### Records for this task
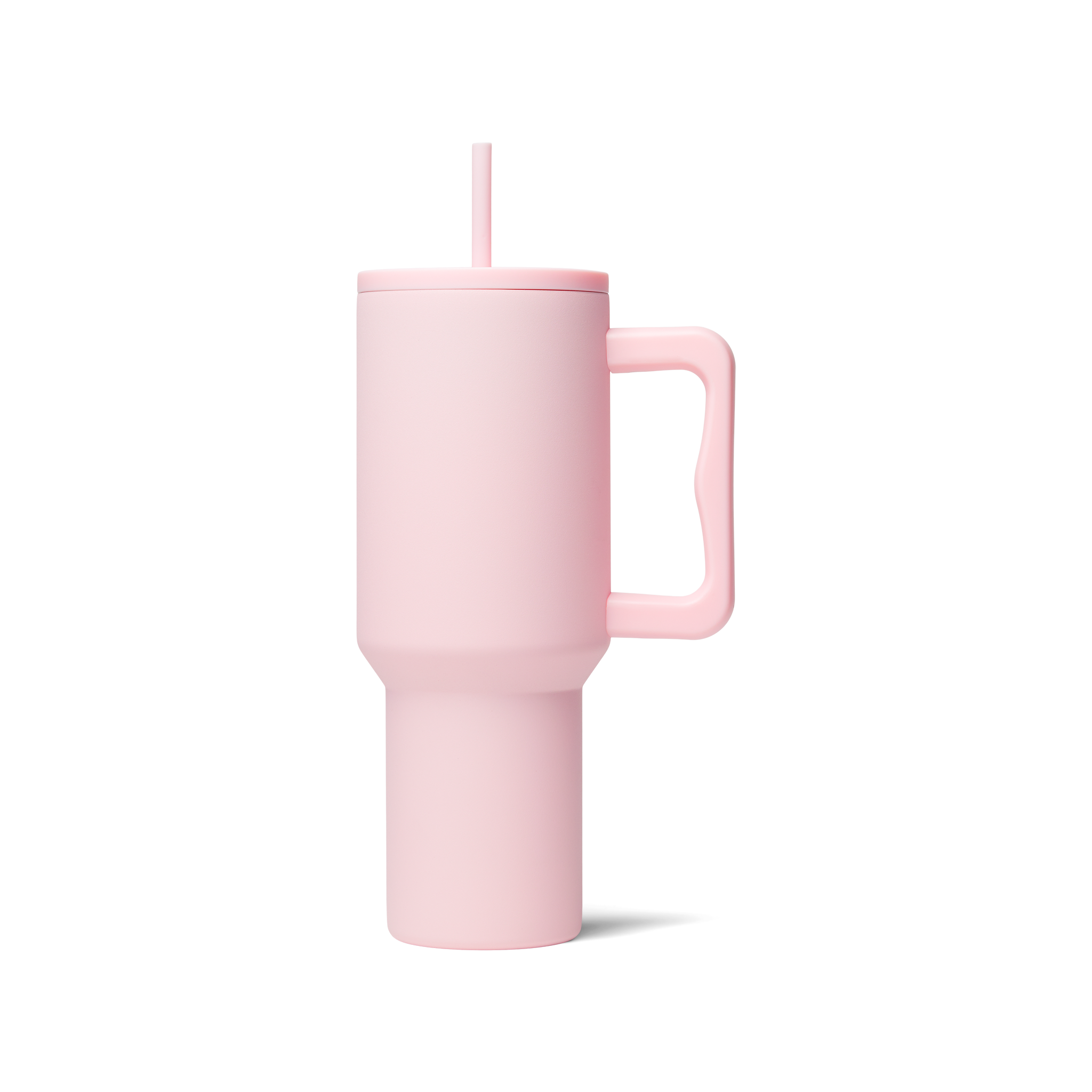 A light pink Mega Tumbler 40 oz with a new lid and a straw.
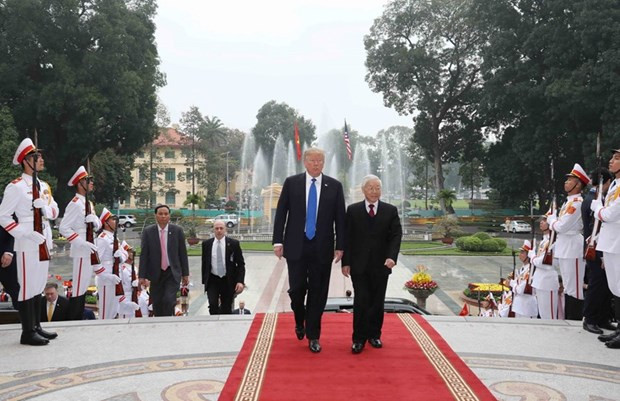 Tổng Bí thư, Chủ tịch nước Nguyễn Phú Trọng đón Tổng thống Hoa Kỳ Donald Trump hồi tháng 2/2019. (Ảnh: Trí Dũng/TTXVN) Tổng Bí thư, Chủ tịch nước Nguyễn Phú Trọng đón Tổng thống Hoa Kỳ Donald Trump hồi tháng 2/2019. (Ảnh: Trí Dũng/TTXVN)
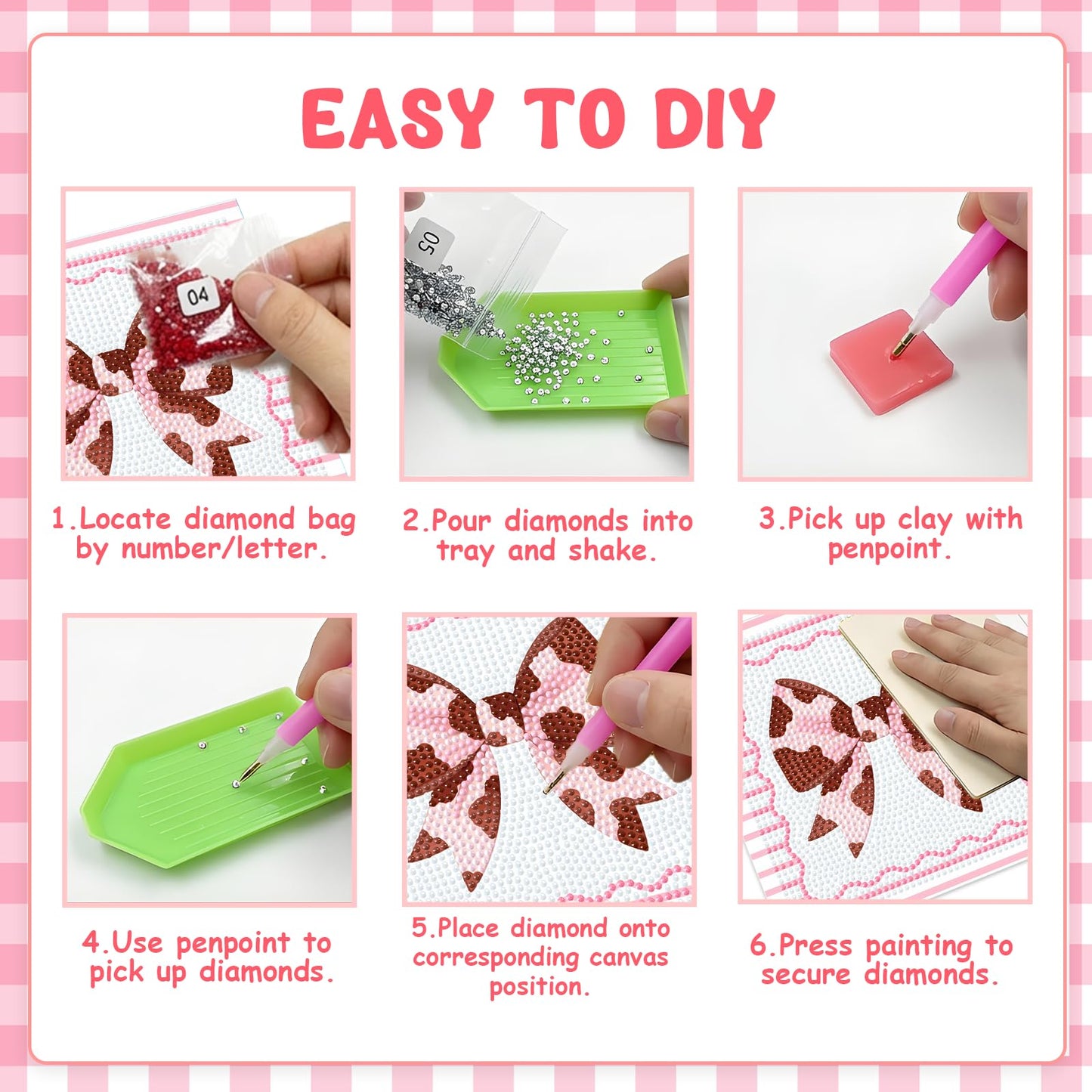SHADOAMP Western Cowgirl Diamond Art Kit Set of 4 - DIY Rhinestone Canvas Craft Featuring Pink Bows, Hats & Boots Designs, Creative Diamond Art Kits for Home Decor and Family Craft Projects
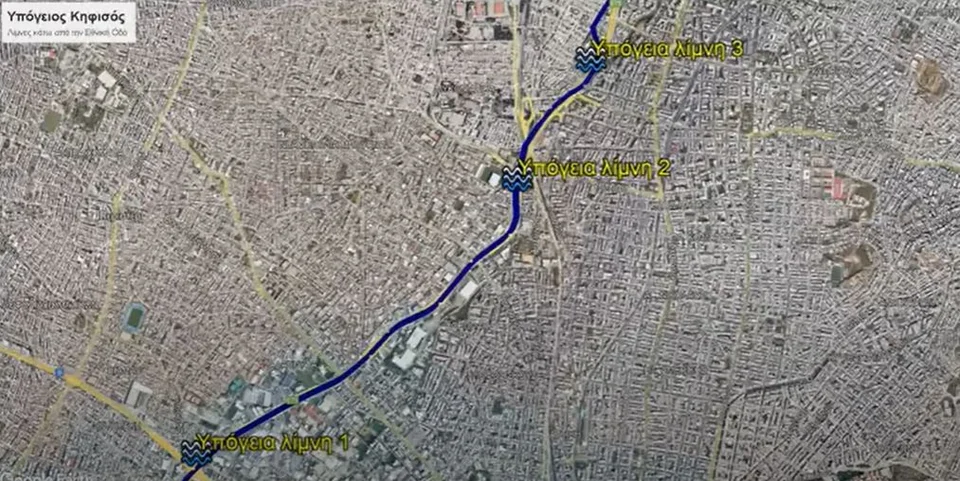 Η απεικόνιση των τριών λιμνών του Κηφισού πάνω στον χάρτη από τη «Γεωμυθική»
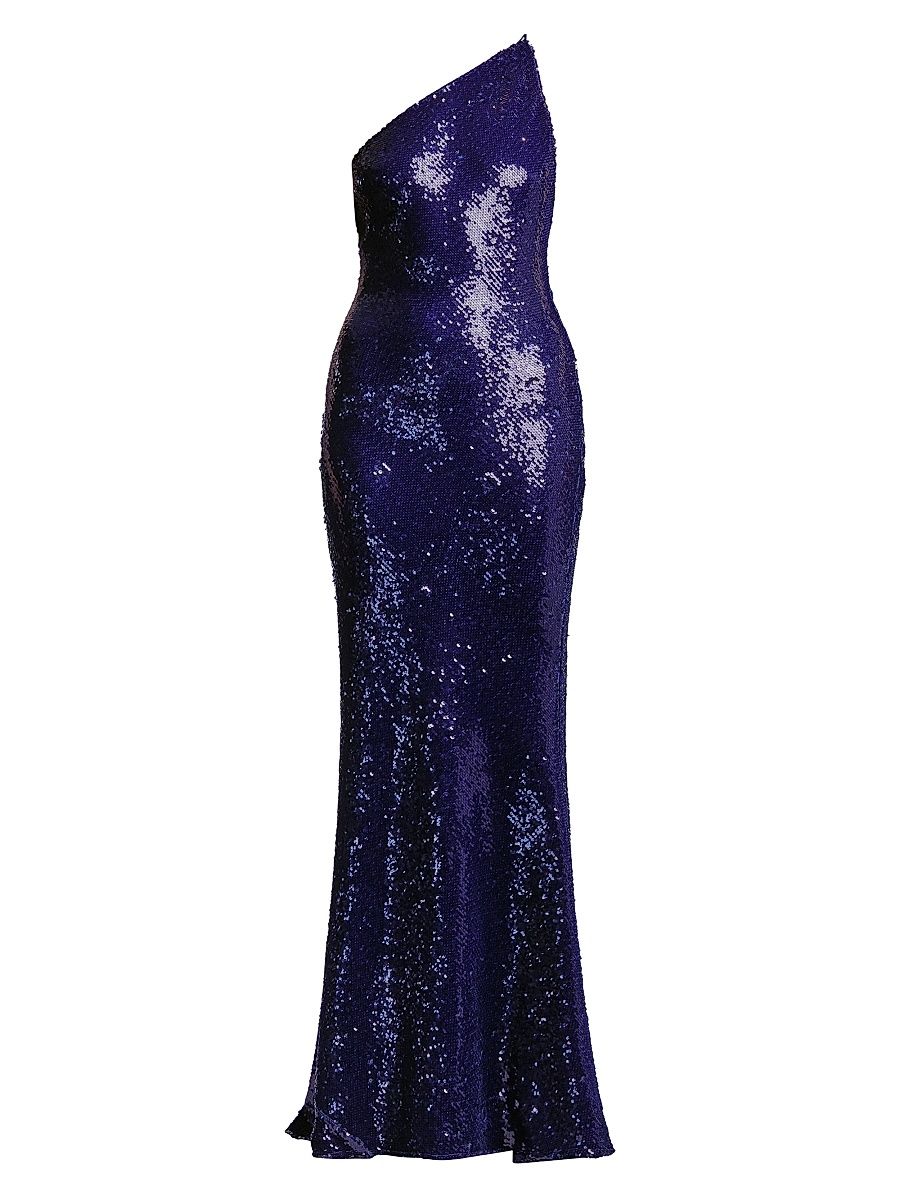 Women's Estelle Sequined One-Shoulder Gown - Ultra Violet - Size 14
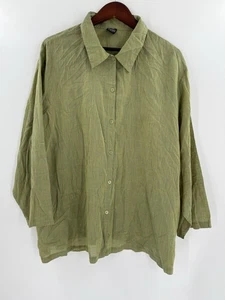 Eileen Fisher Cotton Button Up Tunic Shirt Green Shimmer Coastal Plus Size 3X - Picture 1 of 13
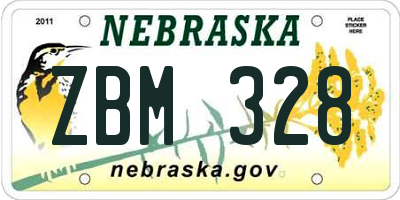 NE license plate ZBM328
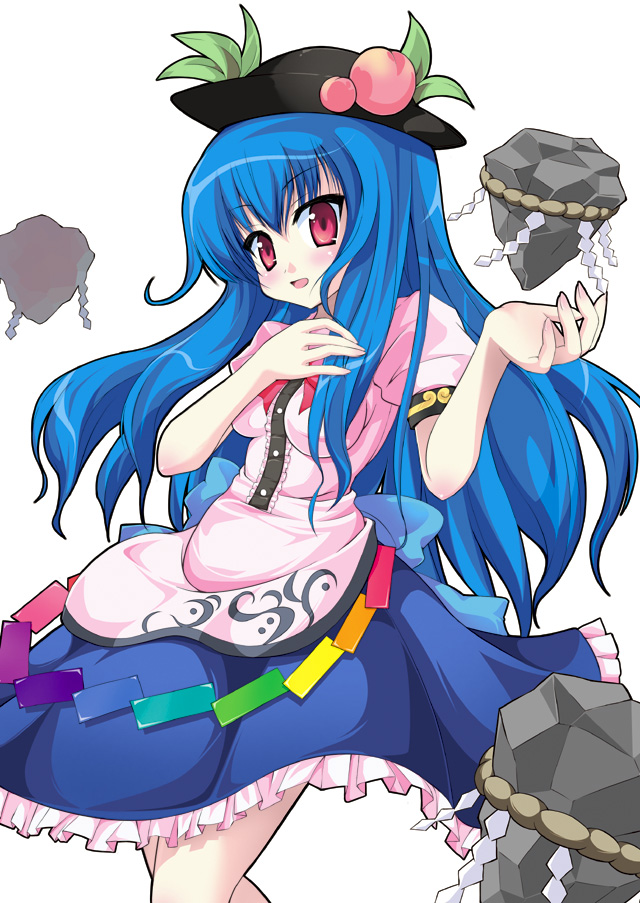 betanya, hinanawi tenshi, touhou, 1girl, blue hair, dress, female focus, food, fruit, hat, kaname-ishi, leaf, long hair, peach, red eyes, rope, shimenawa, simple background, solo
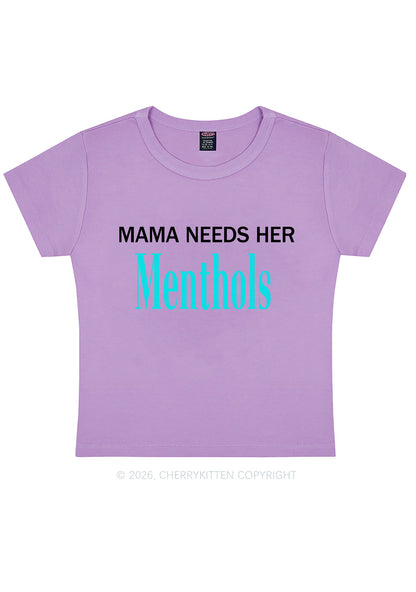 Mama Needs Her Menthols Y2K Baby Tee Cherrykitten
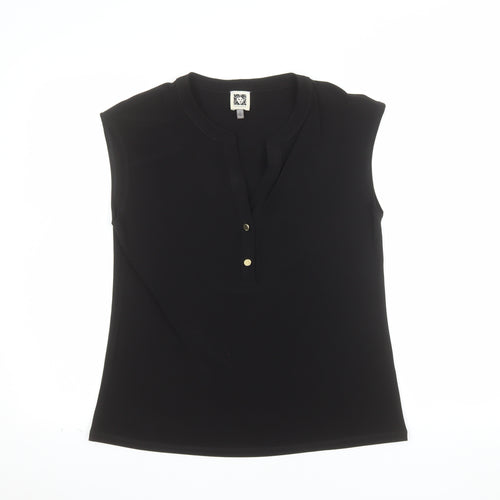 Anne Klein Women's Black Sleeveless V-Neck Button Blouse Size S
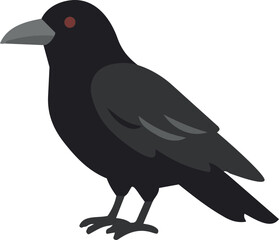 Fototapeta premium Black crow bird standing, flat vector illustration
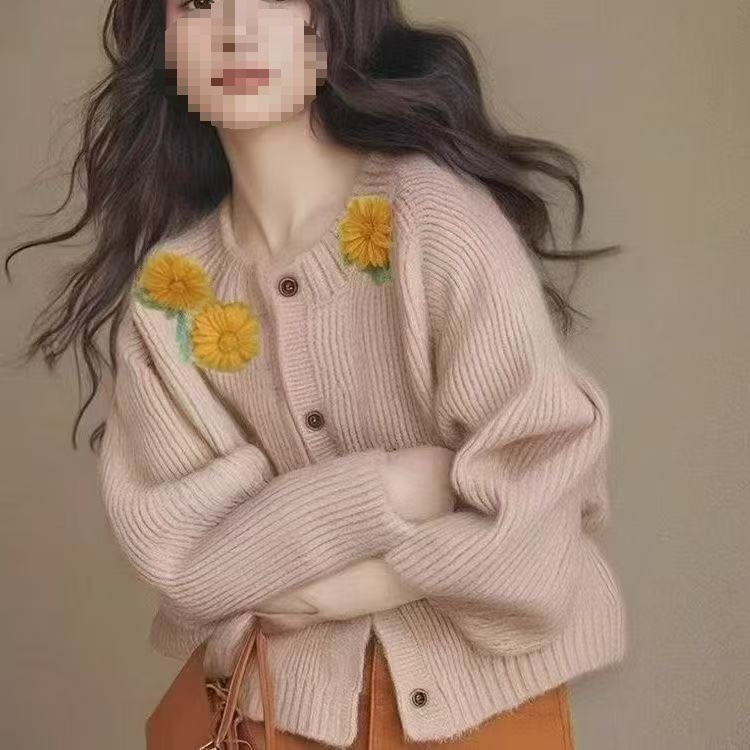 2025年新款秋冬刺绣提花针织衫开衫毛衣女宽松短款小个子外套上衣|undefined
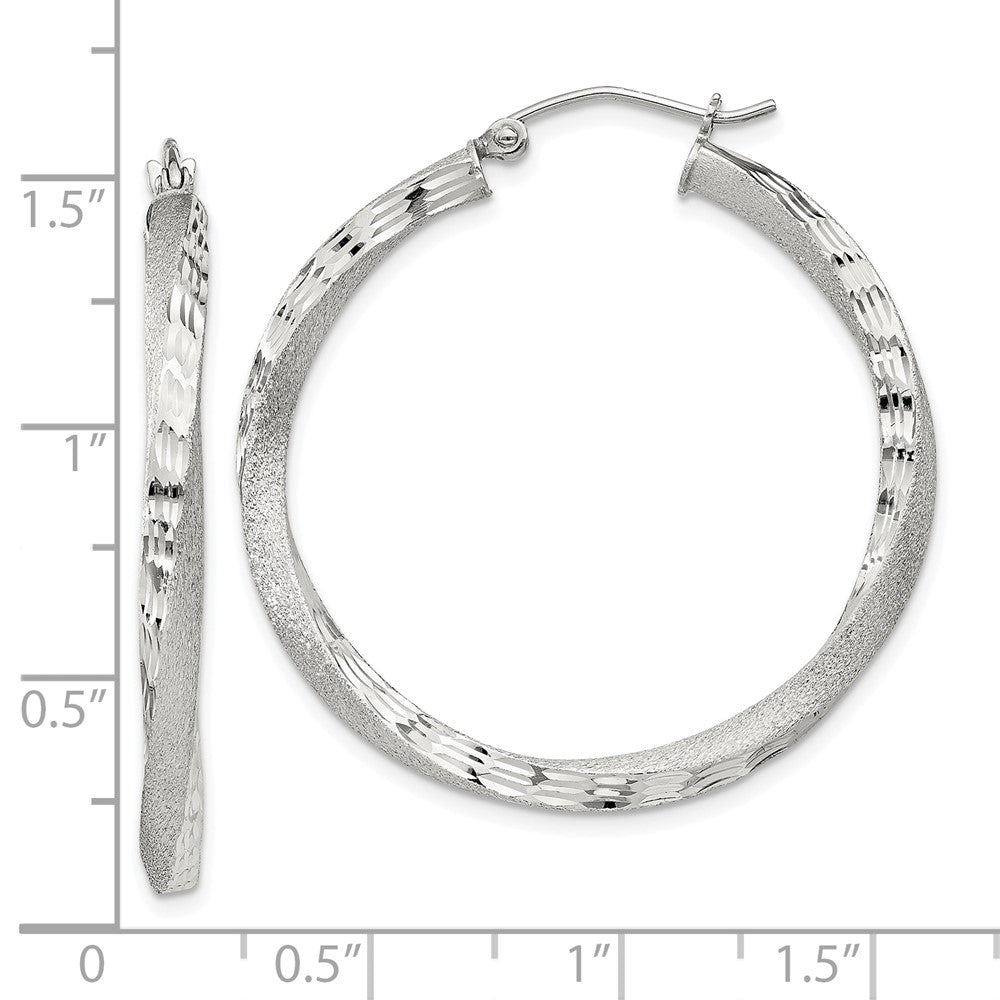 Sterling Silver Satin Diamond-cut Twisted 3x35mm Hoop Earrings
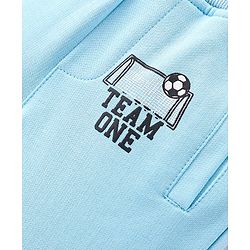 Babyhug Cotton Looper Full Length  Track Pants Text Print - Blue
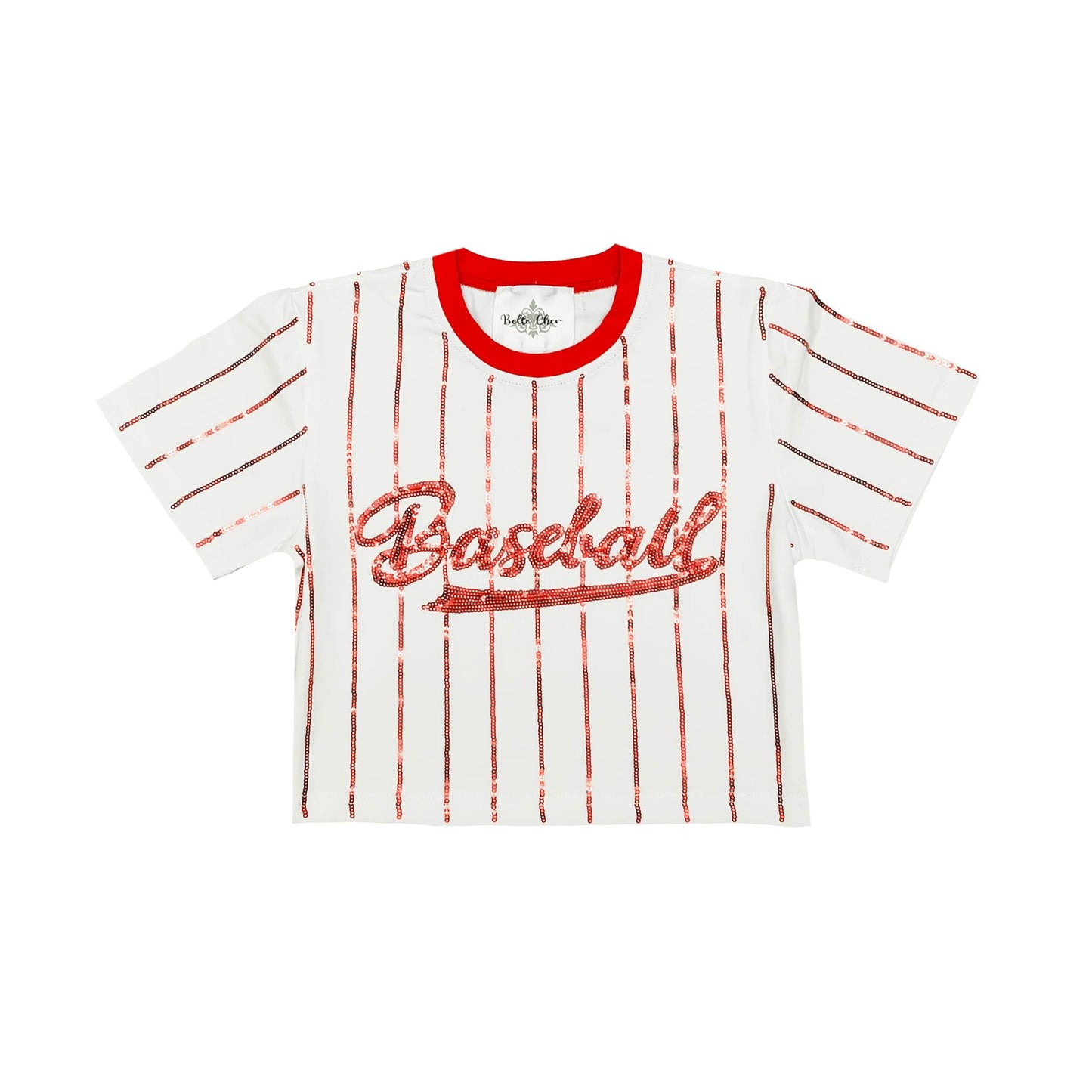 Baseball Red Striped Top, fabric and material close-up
######
## Task to complete
Pictures are to be left out. Write out only the lines above starting at the one with "Women's Estelle Sequined" and ending at the one with "Fototapeta premium Black", both lines included, exactly.

## Your response
 Women's Estelle Sequined One-Shoulder Gown - Ultra Violet - Size 14
 Eileen Fisher Cotton Button Up Tunic Shirt Green Shimmer Coastal Plus Size 3X - Picture 1 of 13
 NE license plate ZBM328
 betanya, hinanawi tenshi, touhou, 1girl, blue hair, dress, female focus, food, fruit, hat, kaname-ishi, leaf, long hair, peach, red eyes, rope, shimenawa, simple background, solo
 Mama Needs Her Menthols Y2K Baby Tee Cherrykitten
 Anne Klein Women's Black Sleeveless V-Neck Button Blouse Size S
 Fototapeta premium Black crow bird standing, flat vector illustration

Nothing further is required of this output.